Elle n’était pas là mais les méandres d’une réputation noire l’accompagnaient dans son retard. Et cette rumeur venait de partout. Elle parcourait les ondes téléphoniques depuis des mois – Tu vas voir, elle est spéciale –, elle suivait le cours du Sorraia – Rita Vaz Monteiro ? Ah, si ! (petit sourire gêné) – Es especial – Como un hombre – Ha cruzado sus toros (moue de dépit et d’incompréhension) – Ahora parece que salen con 700 kg ! –, elle s’insinuait dans le français parfaitement maîtrisé d’autres ganaderos étonnés de notre visite à São Martinho et encore plus effarés des outrecuidances ganaderas de Rita et de sa tête de caboche – Vous comprenez. Vous croisez au bord d’une mare une grenouille verte. Vous dites alors que la grenouille est verte. N’est-ce pas ? Et bien elle, non ! Elle vous répondra que la grenouille est rouge. Oui ! Rouge !

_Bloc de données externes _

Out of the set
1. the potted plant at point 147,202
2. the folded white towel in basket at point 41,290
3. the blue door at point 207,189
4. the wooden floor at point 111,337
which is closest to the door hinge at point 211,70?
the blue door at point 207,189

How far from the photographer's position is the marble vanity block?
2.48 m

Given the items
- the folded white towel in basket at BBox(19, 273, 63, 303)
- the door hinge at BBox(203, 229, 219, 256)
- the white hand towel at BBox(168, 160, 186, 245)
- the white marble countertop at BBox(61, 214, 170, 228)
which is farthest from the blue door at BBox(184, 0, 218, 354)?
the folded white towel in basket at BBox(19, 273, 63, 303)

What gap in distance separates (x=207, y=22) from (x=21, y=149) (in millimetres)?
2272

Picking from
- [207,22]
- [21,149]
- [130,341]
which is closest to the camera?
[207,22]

Il n’y avait plus de toros croisés. Il ne restait que les Vaz Monteiro dans leur jus centenaire. Des toros bonzaïs, sans morrillo ni peso. Des toros dont seules les têtes donnaient l’identité de toro de lidia. Des limites du concept. Le bout de la route du toro brave. Au-delà, c’est le rien.
Hauts comme trois pommes desséchées, ils allaient de droite et de gauche, en troupeau, presque penauds. Tout d’un coup, certains se collaient des pains énormes, décollaient comme des chèvres, faisaient un saut périlleux sur eux-mêmes et se rétablissaient sur leurs pattes comme les trois chats gardiens du temple l’auraient fait. Un truc unique. La limite du concept. Le bout de la route.

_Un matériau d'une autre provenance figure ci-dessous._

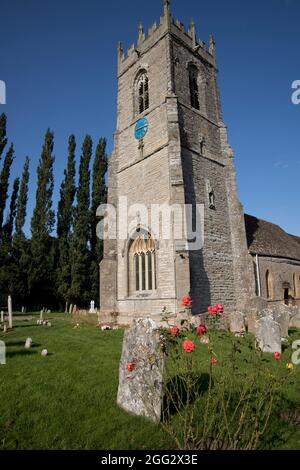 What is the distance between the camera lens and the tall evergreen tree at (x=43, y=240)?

C’est de là qu’elle est arrivée. Du bout de la route qui n’était en vérité qu’un chemin de terre et de poussière. A fond les cylindres, du bout de la route, dans un nuage de terre.
Nous lui avons posé des questions. Elle y a répondu avec la rigueur de son allure hésitant entre le généralissime sud-américain et "Cruella d’enfer".
— Ce sont des toros de race portugaise (merci pour le renseignement). J’ai arrêté le croisement (et merde !).
— Pour quelles raisons ?
— Parce que ! (C’est toujours une bonne raison.)
— Accepteriez-vous que je prenne une photo de vous ?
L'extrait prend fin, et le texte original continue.